やっぱり人間失格

ネコ エレクトゥス

第1話

 太宰治の晩年を題材にした映画かドラマが製作されているらしい。昔はよく太宰治を読んだのだがもうすっかり読まなくなった。若い頃の憧れでもあったのだがそれももう昔の話。だがその映像制作の話を聞いた後いろいろと太宰治について考えてみたので、そのことについて書いてみたい。


 まず太宰治について理解するのに『人間失格』なる題から考えるのが分かりりやすいと思う。彼はいったい何に失格したのか。そもそも『人間』なるものは何なのか?

 これについては簡単に答えが出てくる。文学好きなら、日本人ならおそらく一度は読んだことがあるだろう小説『走れメロス』、その中に答えが凝縮されている。

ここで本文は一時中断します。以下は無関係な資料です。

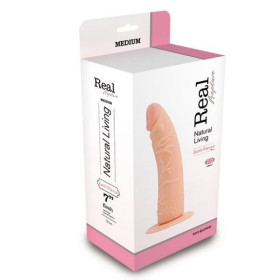 REAL RAPTURE EARTH FLAVOUR REALISTIC VIBRATOR 7'' WHITE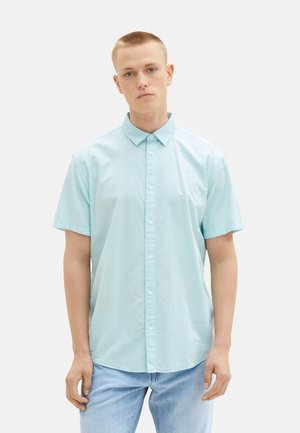 KURZARM STRUCTURED - Shirt - hellblau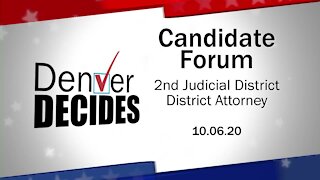 Denver Decides forum: 2nd Judicial District Attorney Candidates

 『走れメロス』の舞台は意図的に古代ギリシアの文化圏であるシチリア島に設定されていて、メロスと彼の親友は間違いなく男性同性愛者、ゲイであり、古代ギリシアではそれは普通のことだった。

「僕は君の父であり、兄であり、教師であり、戦友であり、そして恋人である。」 そんな関係の中にこそ真実の『愛』は存在する。そんな生活をしていた人々が生み出した偉大な文化、そして民主主義に若き太宰治もまた理想を見出したのだった。彼の小説家としてのスタートが古代ギリシアから始まっているのは決して偶然ではなく、近代小説家なるものすべてが「あなたは古代ギリシアに対し一体どういう立場をとるのか」という問いを常に突き付けられていると言っても過言ではないと思う。

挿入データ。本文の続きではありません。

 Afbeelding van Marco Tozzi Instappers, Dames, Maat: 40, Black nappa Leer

 ここまで書いてくると分かっていただけると思うのだが、若き太宰治や近代文化人にとって『人間』とは古代ギリシア人を意味し、ゲイであることを意味している。民主主義とその延長にある共産主義ではその構成員になるためには男になることが要求され、『同志』になることが要求され、彼らの間の愛によって民主主義、共産主義は成立する。

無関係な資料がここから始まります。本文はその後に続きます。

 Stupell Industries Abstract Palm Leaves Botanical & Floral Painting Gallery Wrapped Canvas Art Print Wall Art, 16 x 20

 ゲイであることを公然と認めていた小説家、三島由紀夫は古代ギリシアと死ぬことを決意した。そんな三島由紀夫は太宰治のことを『落伍者』と酷評した。古代ギリシアを理想としながらそこから逸れていった太宰治は三島にとっては『落伍者』そのものにしか映らなかったのだろう。

 ただいつしか太宰治は三島由紀夫が死ぬまで決して聞くことのなかった『音楽』を聞くようになっっていった。

「富士には月見草が良く似合う。」

 だとすると『人間』なるものはただの勘違いに過ぎないんじゃないのか?『人間』なるものから離脱することこそが正しい生き方であり、世界と和解することではないのか?『人間失格』であるということは決して弱々しいペシミズムから生まれたものではなく、むしろ勝利宣言だったのだ。『堕落』することで救われる。「悪人こそが救われる」という浄土真宗の教えもどこかで影響があったのだろうか。

 ここから太宰の晩年が始まる。


 ただ一つ気になるのは彼の死に方のあまりにジメジメとしていて惨めだったこと。禅僧のようにカラッとしたところがない。ってことはやっぱり彼には死ぬまで『人間』が残っていたのではないだろうか。あまりにプライドの高い男だったから。